Optimization proposal
OlivierSohn opened this issue · comments
Hello,
I have a suggestion to improve the performance of the queues that are dynamically sized:
Each time an element is pushed or poped, there is a call to a modulo operator to put head and tail in the [0,size) range.
This modulo might be very fast in the case where the size is a constant power of 2 known at compile time (if the compiler converts this to a bitwise operation), but when the size is set a run-time, this modulo operator might be expensive...
Instead of using modulo we could simply keep head and tail in the range [0,size) (i.e reset them to 0 when they become equal to size).
You are right. Would you like to submit a pull request?
You are right. Would you like to submit a pull request?
I'm afraid I won't have the time to do it.
There is another subject where I might be able to do a pull request but I'll open a separate issue.
Currently the queues that dynamically allocate the buffer always round the size to the next power of 2. I guess the easier way is to replace % size
with & (size - 1)
.
Currently the queues that dynamically allocate the buffer always round the size to the next power of 2. I guess the easier way is to replace
% size
with& (size - 1)
.
Yes that’s a smart way of doing it!
But actually I noticed that for a queue of size 7 the size is rounded to 4096 (or at least 1024, I don’t remember exactly).

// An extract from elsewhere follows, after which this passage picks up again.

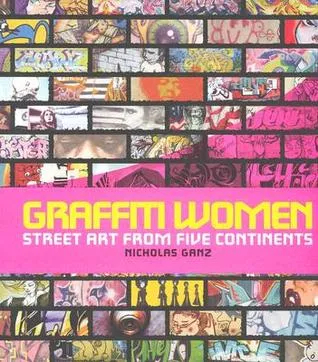Graffiti Women: Street Art from Five Continents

I wonder if this is expected (to have a full page and avoid other objects being on the same page?) or not
I wonder if this is expected (to have a full page and avoid other objects being on the same page?) or not
The B
variants of the queue use dynamic memory allocation and their size is always rounded to the next power of 2.
Whereas non-B
variants has MINIMIZE_CONTENTION
parameter, which rounds the size to the next power of 2 when set to true
.
I am thinking of unifying all the queue variants into one queue with a template policy argument to make the interface more straight-forward. But for now, dynamic allocation is done by B
variants, non-atomic and move-only types are supported by 2
variants.
their size is always rounded to the next power of 2.
For example with:
AtomicQueueB2<int> q(7);
we have q.size_ == 4096
(It looks like it's rounded to the next power of 2 bigger than 4096)
For example with:
AtomicQueueB2<int> q(7);
we have q.size_ == 4096
You are quite right.
This currently is expected behaviour because the B
variants always use the power of 2 size and remap subsequent indexes to different cache lines to minimize contention. The second condition causes AtomicQueueB2<int>
minimum size to be 4096 elements. B
variants do not have MINIMIZE_CONTENTION
template parameter that controls this behaviour for simplicity.
However, you don't want to use AtomicQueueB2
with lock-free types, such as int
, because there is extra overhead for handling non-atomic types. Use AtomicQueueB
with lock-free types. Unless you cannot allocate a special NIL
value from your atomic T
range, that queues for atomic types require.
Currently the queues that dynamically allocate the buffer always round the size to the next power of 2. I guess the easier way is to replace
% size
with& (size - 1)
.Yes that’s a smart way of doing it!
Just double checked (I forget details rather soon). The B
versions do exactly that because their size is always a power of 2.
The non-B
versions use plain %
because size_
is known at compile time, so that the compiler can optimise modulo into &
for power-of-2 sizes or, otherwise, do more fancy tricks to optimise the modulo by a constant.
Oh ok so I misread the code, I didn't see that the code I was reading was for a specialized type...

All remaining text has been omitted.